### Work request
Go through the data and copy every line exactly, but not the images.

### Provided data

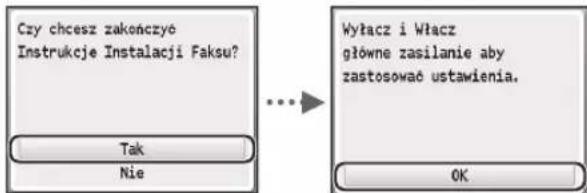 CANON iSensys MF8540Cdn - Zamknij Przewodnik Ustawien Faksu, a nastepnie uruchom ponownie urzadzenie. - 1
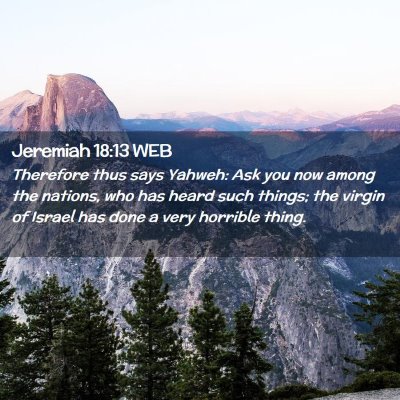 Picture 02 - Jeremiah 18:13 WEB - Therefore thus says Yahweh: Ask you now among the - Bible Verse Picture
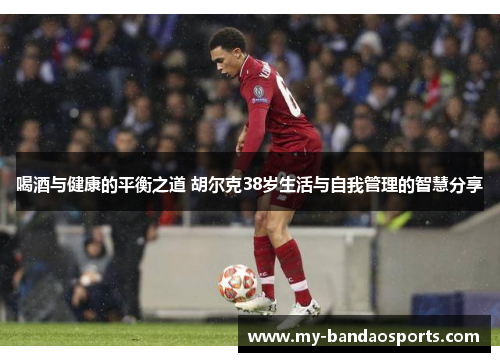 喝酒与健康的平衡之道 胡尔克38岁生活与自我管理的智慧分享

### Exercise result
 CANON iSensys MF8540Cdn - Zamknij Przewodnik Ustawien Faksu, a nastepnie uruchom ponownie urzadzenie. - 1
 Picture 02 - Jeremiah 18:13 WEB - Therefore thus says Yahweh: Ask you now among the - Bible Verse Picture
 喝酒与健康的平衡之道 胡尔克38岁生活与自我管理的智慧分享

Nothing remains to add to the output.